Problem requirements:
Once the line with "Capsule Lavazza A" is found in the entries below, repeat it and each following line exactly, up to and including the line with "Соска пустушка BIBS". Add no other lines.

Records for the exercise:
--------------------------------

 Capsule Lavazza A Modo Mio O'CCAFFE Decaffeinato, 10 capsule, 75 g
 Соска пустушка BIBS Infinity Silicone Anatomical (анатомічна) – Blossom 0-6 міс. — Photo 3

--------------------------------

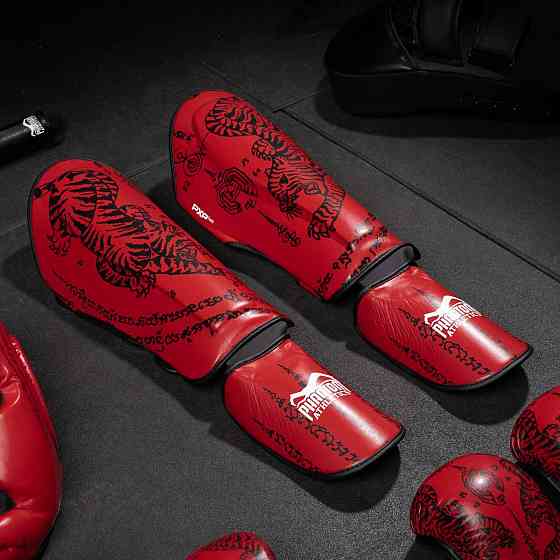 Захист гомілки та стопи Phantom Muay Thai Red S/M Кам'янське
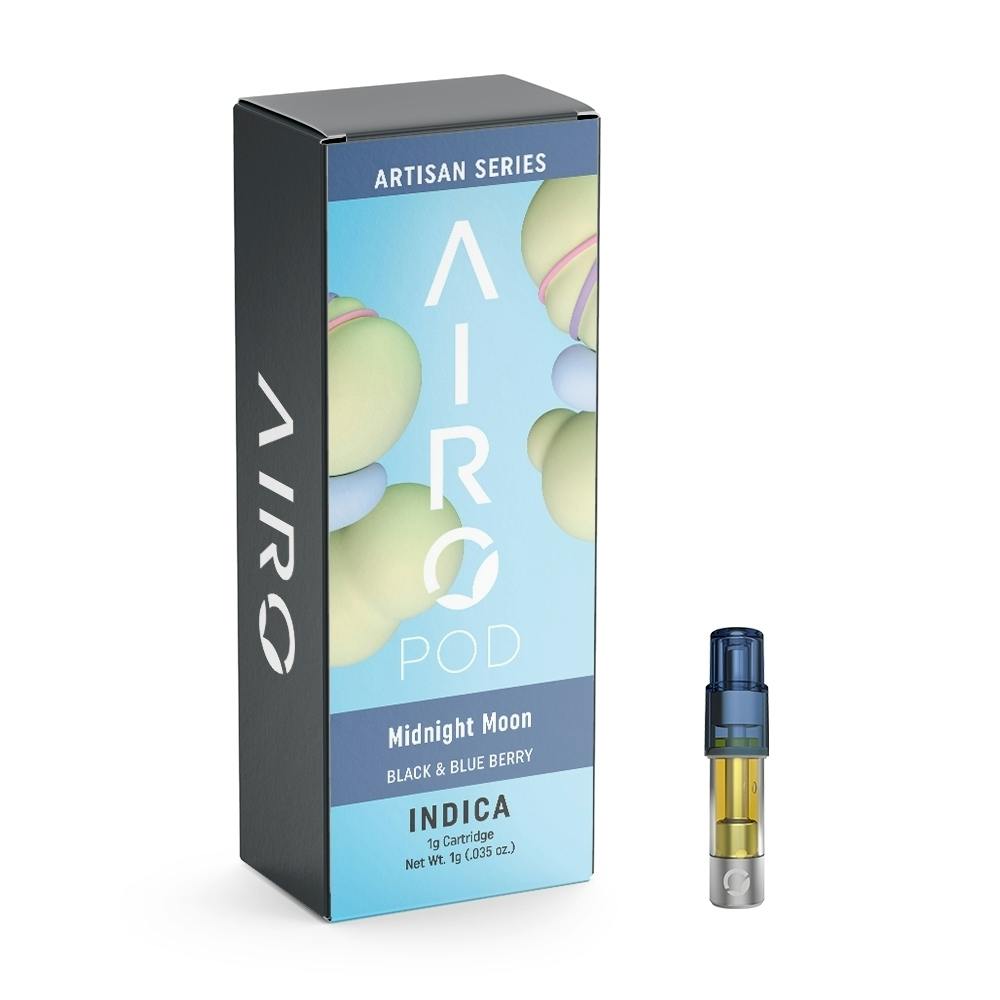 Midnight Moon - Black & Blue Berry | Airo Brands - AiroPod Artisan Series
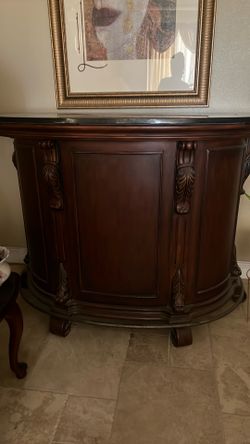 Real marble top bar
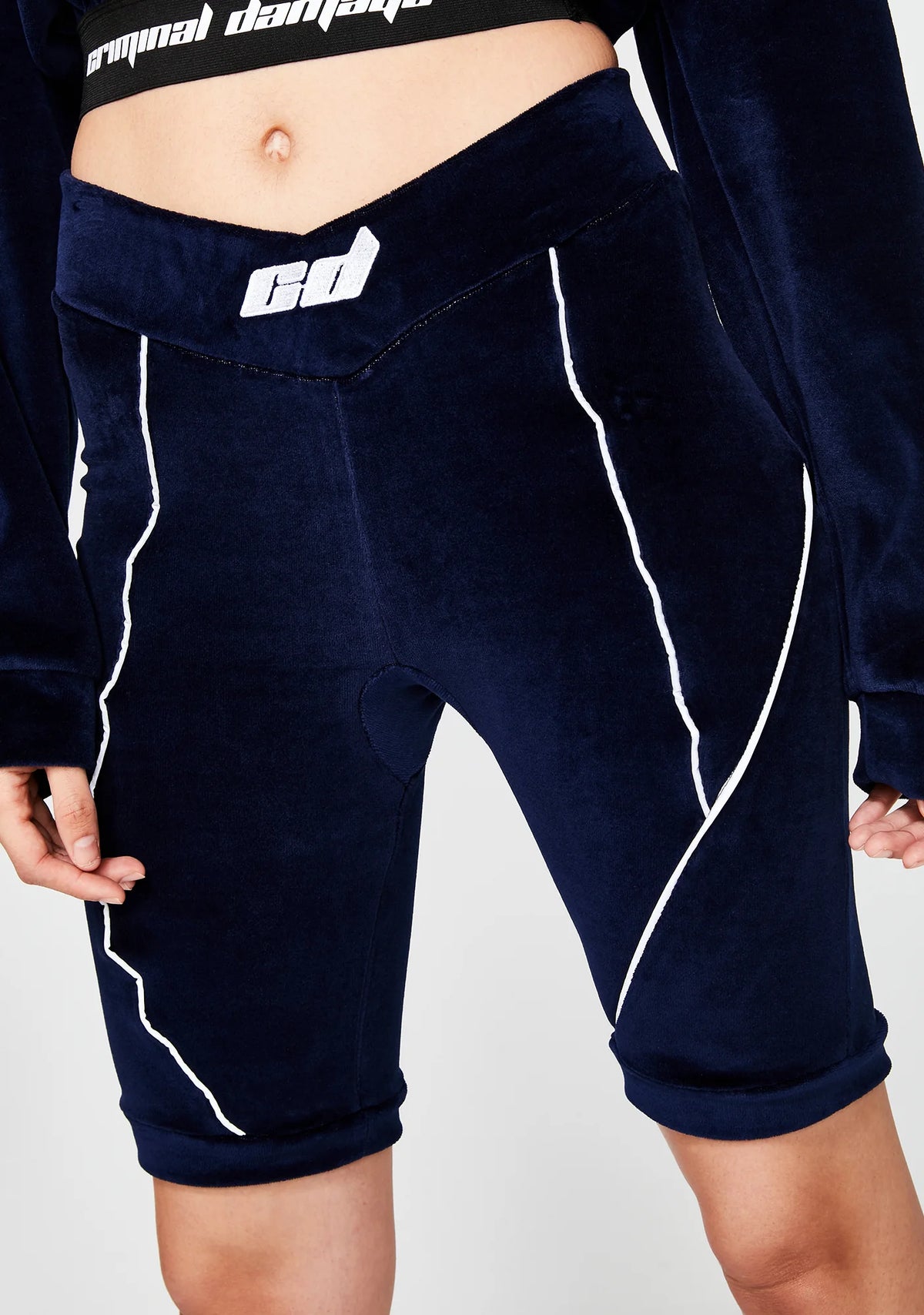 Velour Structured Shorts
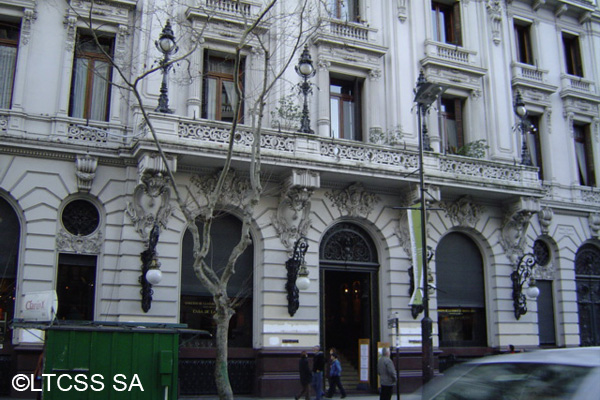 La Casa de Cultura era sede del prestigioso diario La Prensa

--------------------------------

Response to the task:
 Capsule Lavazza A Modo Mio O'CCAFFE Decaffeinato, 10 capsule, 75 g
 Соска пустушка BIBS Infinity Silicone Anatomical (анатомічна) – Blossom 0-6 міс. — Photo 3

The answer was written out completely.